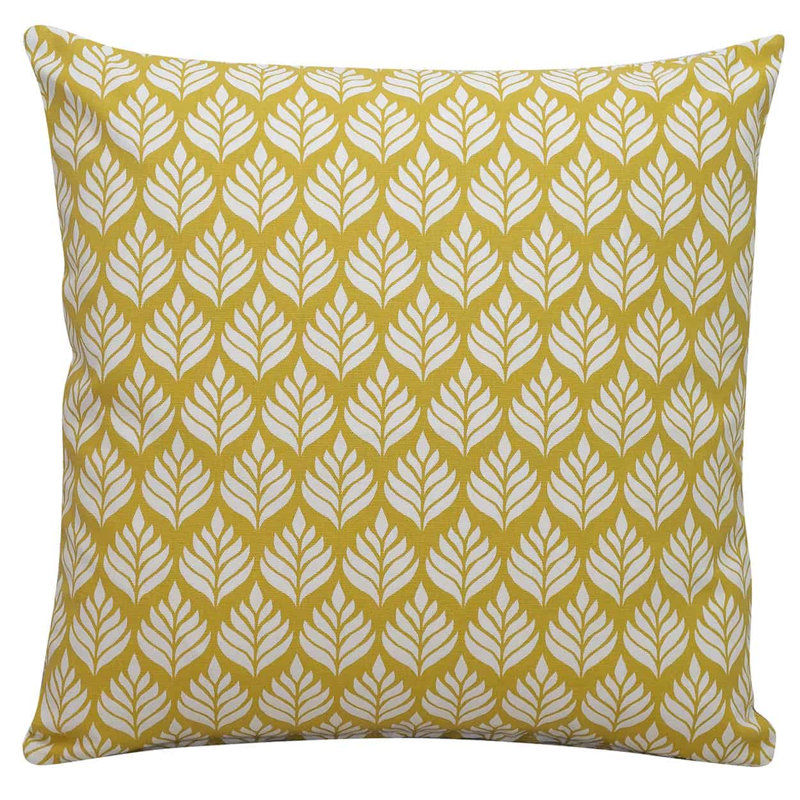 Geometric Cushion, 43x43cm, Feather filled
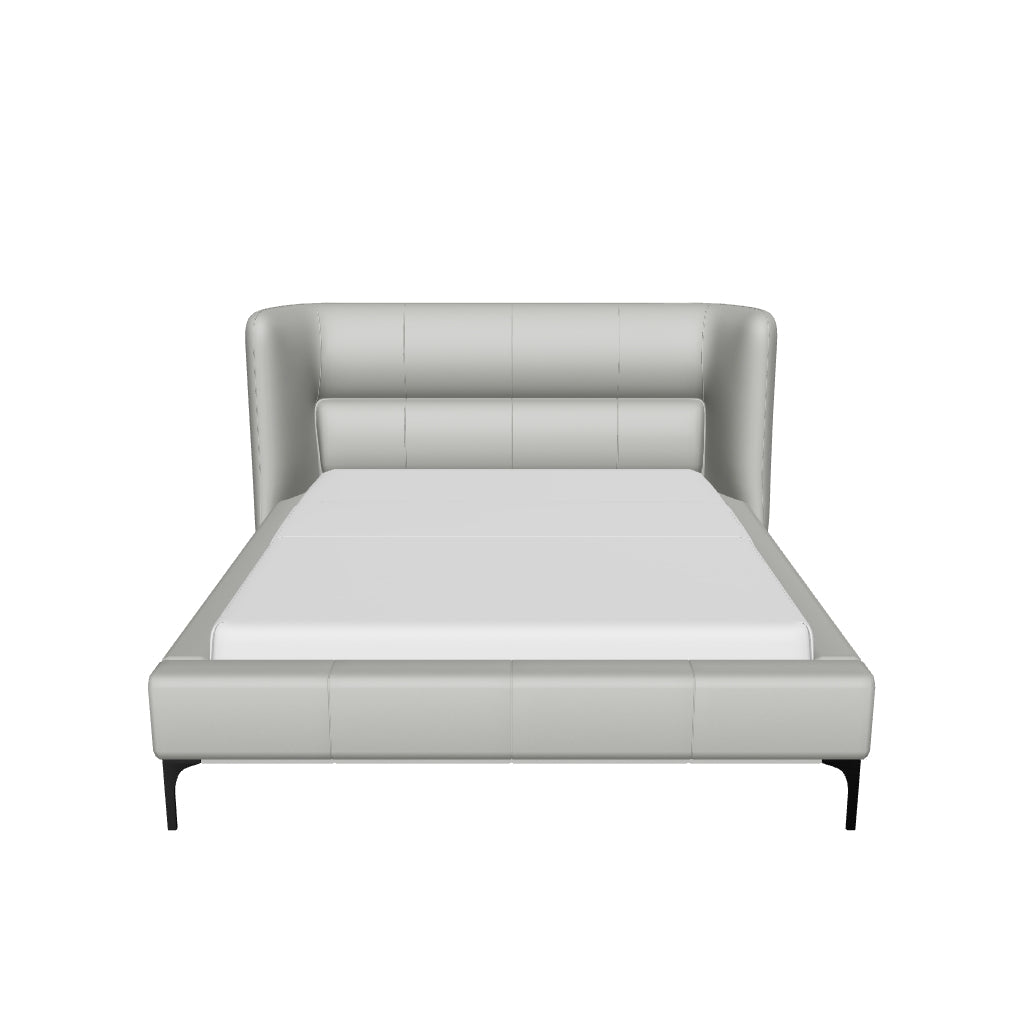 Genoa Bed - Dark Grey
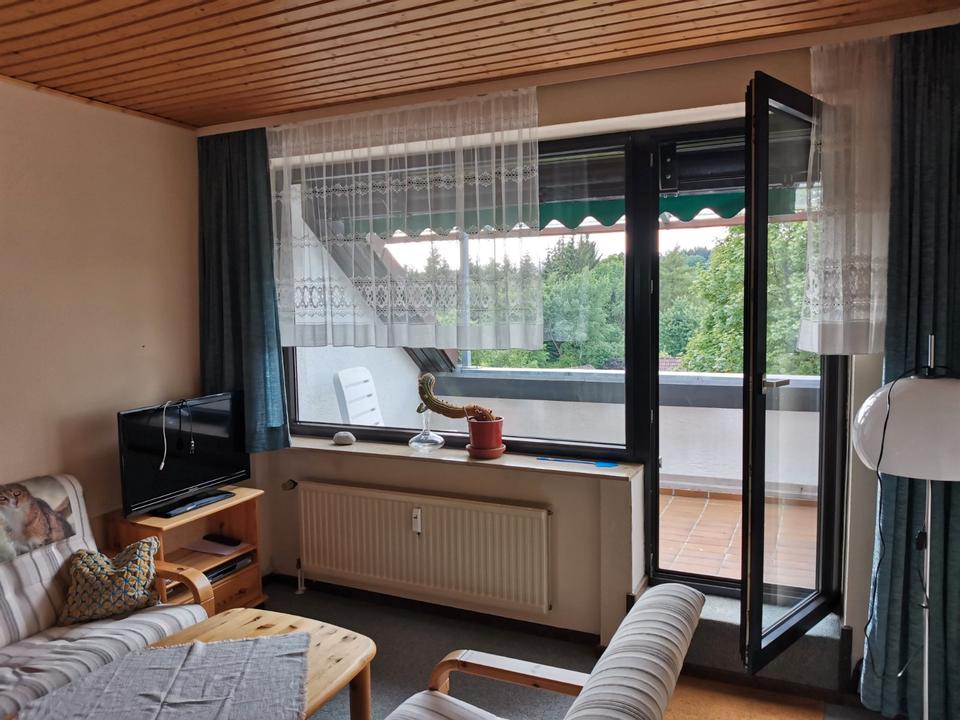 Thumbnail-2 Zimmer, EBK, Balkon, Stellplatz, möbliert in Silberborn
══════
PROMPT >> Copy all of the listing word for word, minus the images.

RESPONSE TO THE TASK >>
 Geometric Cushion, 43x43cm, Feather filled
 Genoa Bed - Dark Grey
 Thumbnail-2 Zimmer, EBK, Balkon, Stellplatz, möbliert in Silberborn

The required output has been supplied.